🤖 AI Summary
Existing audio frontends struggle with harmonic feature extraction due to mismatched inductive biases and poor interpretability. Method: This paper introduces the *combolutional layer*—a time-domain harmonic analysis module that integrates a learnable-delay IIR comb filter with envelope detection, implemented entirely in real-valued arithmetic for low parameter count (<1K), high interpretability, and CPU-efficient inference. It serves as a drop-in replacement for standard convolutional layers and is trained end-to-end. Contribution/Results: Evaluated on piano transcription, speaker classification, and key detection, the combolutional layer outperforms mainstream spectrogram-based frontends (e.g., Log-Mel, CQT) in harmonic structure modeling while significantly reducing computational overhead.
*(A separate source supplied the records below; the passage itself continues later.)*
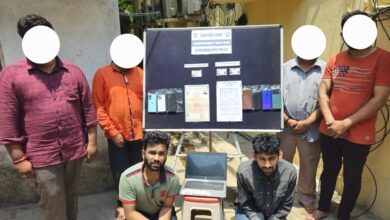 Six individuals, including two kneeling in front, are seen near a display board labeled "Commissioner's Task Force, Hyderabad City Police, Central Zone." The board shows seized items including smartphones, fake Aadhaar cards, a Bangladesh passport copy, and forged birth certificates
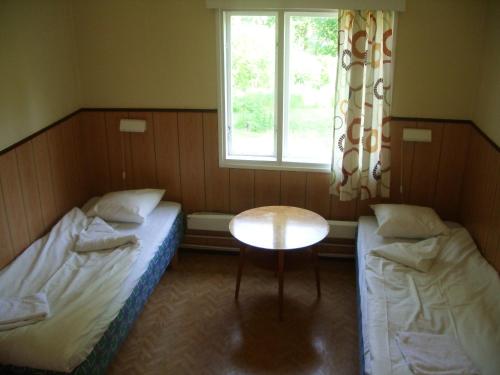 Imagen de la habitación del Hotel &Ouml;vern&auml;sg&aring;rden G&auml;sthem. Foto 9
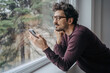 © Akbari - Young handsome middle eastern man scrolling on mobile phone in the morning standing near window.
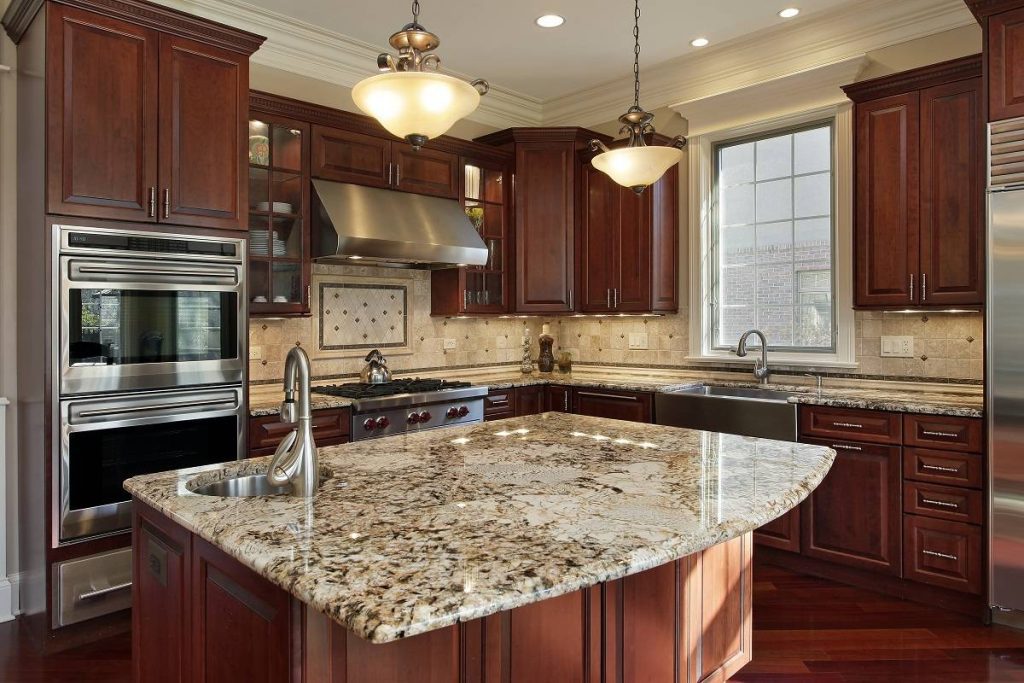 a kitchen with dark wood cabinetry and flooring, beige countertop and walls, and stainless steel appliances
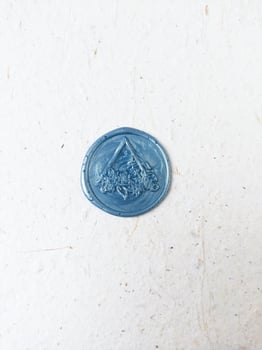 colorful wax stamp on white background. isolated. round photo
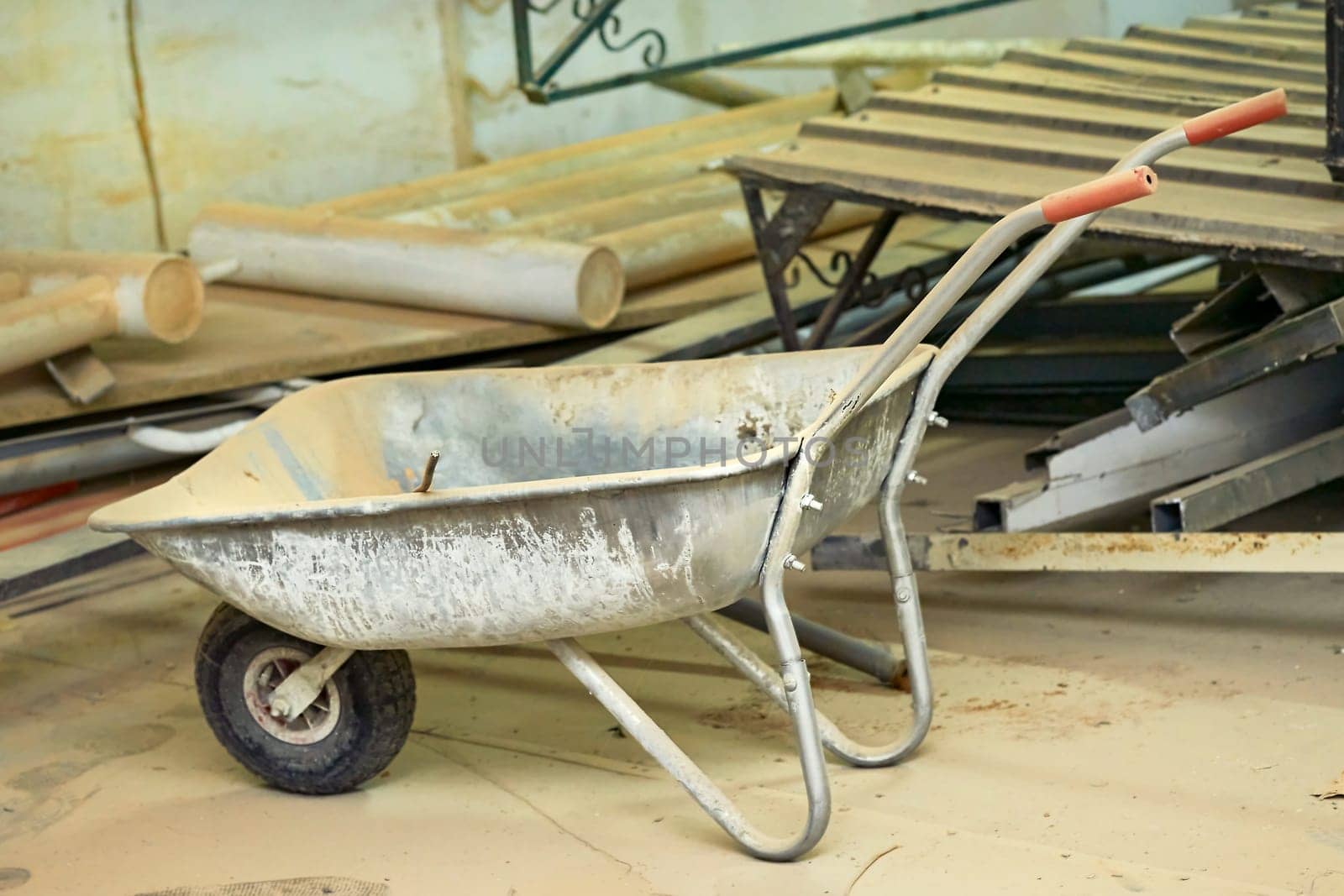 a small cart with a single wheel at the front and two supporting legs and two handles at the rear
Its core innovation lies in embedding physically grounded comb filtering—rooted in harmonic resonance principles—into a differentiable neural architecture, thereby unifying efficiency, interpretability, and task-specific adaptability.
📝 Abstract
Selecting appropriate inductive biases is an essential step in the design of machine learning models, especially when working with audio, where even short clips may contain millions of samples. To this end, we propose the combolutional layer: a learned-delay IIR comb filter and fused envelope detector, which extracts harmonic features in the time domain. We demonstrate the efficacy of the combolutional layer on three information retrieval tasks, evaluate its computational cost relative to other audio frontends, and provide efficient implementations for training. We find that the combolutional layer is an effective replacement for convolutional layers in audio tasks where precise harmonic analysis is important, e.g., piano transcription, speaker classification, and key detection. Additionally, the combolutional layer has several other key benefits over existing frontends, namely: low parameter count, efficient CPU inference, strictly real-valued computations, and improved interpretability.